Google, Facebook, Amazon: algorithms will soon rule our lives so we’d better understand how they work
March 23, 2014
Google’s algorithms are a closely guarded secret
One of the most interesting announcements in last week’s Budget – well, for me at least, as someone who has no savings and doesn’t play bingo or drink much – was the new Alan Turing Institute: £220 million of government support will be invested into “big data and algorithm” research.
Today, especially with the processing power of modern computing and enormous “big data” analysis, algorithms increasingly influence the media we read, the products we buy, and with whom we socialise. But most of us have no idea what they are. At its core, an algorithm is just a simple formula which must be followed to calculate the answer to a mathematical problem. (The word “algorithm” itself is derived from the eighth-century Persian mathematician Al-Khwārizmī but the concept goes all the way back to the Greeks.)
Algorithms are vital to the internet because they help to order and arrange vast volumes of data at a scale and speed impossible for a human. Google’s famous PageRank algorithm counts the number of links to a page and assesses their quality to determine how important a website is.
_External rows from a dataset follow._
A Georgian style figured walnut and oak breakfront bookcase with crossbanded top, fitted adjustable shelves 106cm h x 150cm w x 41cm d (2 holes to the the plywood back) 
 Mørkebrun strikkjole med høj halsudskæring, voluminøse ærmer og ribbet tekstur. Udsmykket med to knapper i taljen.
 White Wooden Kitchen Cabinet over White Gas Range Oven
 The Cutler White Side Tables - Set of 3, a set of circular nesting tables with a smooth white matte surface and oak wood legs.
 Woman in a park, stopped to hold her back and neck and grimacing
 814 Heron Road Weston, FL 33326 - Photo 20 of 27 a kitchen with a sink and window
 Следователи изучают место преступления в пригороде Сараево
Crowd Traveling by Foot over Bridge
The quality and quantity of websites’ links to each other are compared and ordered; the more important websites are displayed first on the Google search page when a search query is entered.
Facebook’s feed prioritisation algorithm calculates which posts a user sees on his or her news feed, how close a user and the creator of a post are, how valuable the content is (with photos determined to be the most worthwhile, and plain text the least so), and how long a post has been up for. Nothing is left to chance: by weighing up these three factors, the algorithm decides what you see – and Facebook updates and improves these regularly. And you’ll all be familiar with Amazon’s algorithms that constantly propose annoyingly accurate recommendations of what books that you might also like to buy, based on what others have bought.
All are based on proprietary algorithms. Without its clever algorithm, Google is nothing. Better algorithms are at the core of Amazon’s future plans too. On Christmas Eve 2013, they patented something called a “method and system for anticipatory package shipping”: an algorithm-based system that could potentially ship products before consumers place an order for them. Algorithms that make the best sense of data can earn companies billions. That’s why they are as closely guarded as the recipe for Coca-Cola.
There are remarkable social and economic benefits from being able to process data at much greater efficiency than humans. Some commentators believe that algorithm-led data analysis of NHS records could result in huge improvements in treatment outcomes, as we’d get a much better understanding of works and what doesn’t. According to the CEBR, the use of big data analytics across the healthcare sector could deliver additional revenues of £14bn from 2012 to 2017. Others have estimated it could cut the chronic care bill by £80 billion. Already, at the University of California San Francisco’s new medical centre, an algorithmically operated robot runs a fully automated hospital pharmacy. The dispensing room is sterile and secure, and the algorithm, having prepared hundreds of thousands of prescriptions, is yet to make a mistake.
However, life by algorithm brings worries too. Evgeny Morozov thinks all of this algorithmic analysis of personal information on a massive scale amounts to an incremental erosion of privacy by private companies and the state, and could even end up in Minority Report-style preventive policing. Others, like Filter Bubble author Eli Pariser, believe that by trying to perfectly predict our preferences with his search function, Google limits our opportunities for serendipity, discovery, exploration – we end up reading and watching the same things, having our horizons slowly narrowed. Around half of all trading on the world’s markets are today performed by computer algorithms, and are capable of incredible feats of financial mathematics at speeds measured in milliseconds: but errors are also magnified. In May 2010, American stock markets trended down and then crashed in the second largest swing in the history of the Dow Jones Index. Subsequent analysis showed this “Flash Crash” – which was quickly recovered – was caused by the aggressive activity of algorithmic traders.
Algorithms rule the world, and we still don’t really know much about them. Some of this is extremely promising. But there are also serious political, cultural, economic and social consequences when these clever calculations hold so much sway over what we information we encounter and how. As Turing put it in his 1950 masterpiece Computing Machinery and Intelligence: “We can only see a short distance ahead, but we can see plenty there that needs to be done.” A bit more research into the human side wouldn’t go a miss. Fortunately, I know just the place.